## Exercise aim:
In the records below, the lines between the one holding "Plot measurement data" and the one holding "臍橙多少錢(qián)一斤？贛南臍橙多少錢(qián)一斤？", inclusive, are to be transcribed exactly; no pictures are to be included.

## Source information:
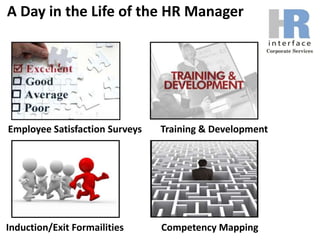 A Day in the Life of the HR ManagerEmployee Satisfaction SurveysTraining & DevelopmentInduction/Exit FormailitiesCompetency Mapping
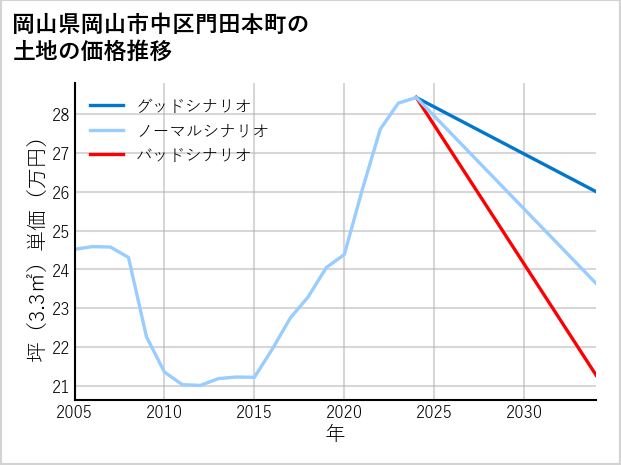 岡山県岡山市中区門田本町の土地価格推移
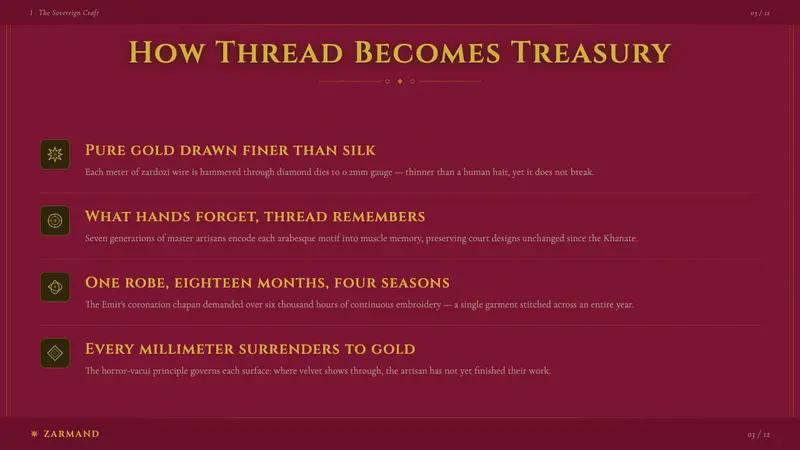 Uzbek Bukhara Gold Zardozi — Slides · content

* * *

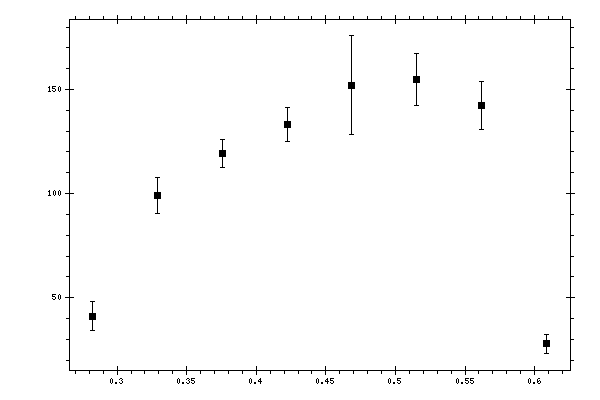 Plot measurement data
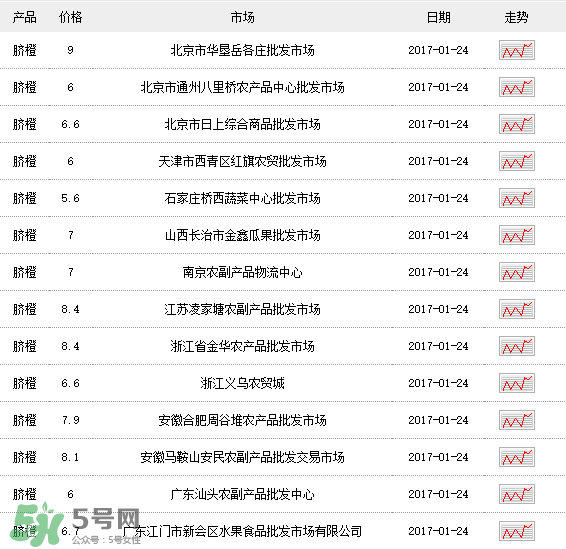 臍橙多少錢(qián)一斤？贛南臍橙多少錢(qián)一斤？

...

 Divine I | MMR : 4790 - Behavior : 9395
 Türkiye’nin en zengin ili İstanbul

## Result below:
 Plot measurement data
 臍橙多少錢(qián)一斤？贛南臍橙多少錢(qián)一斤？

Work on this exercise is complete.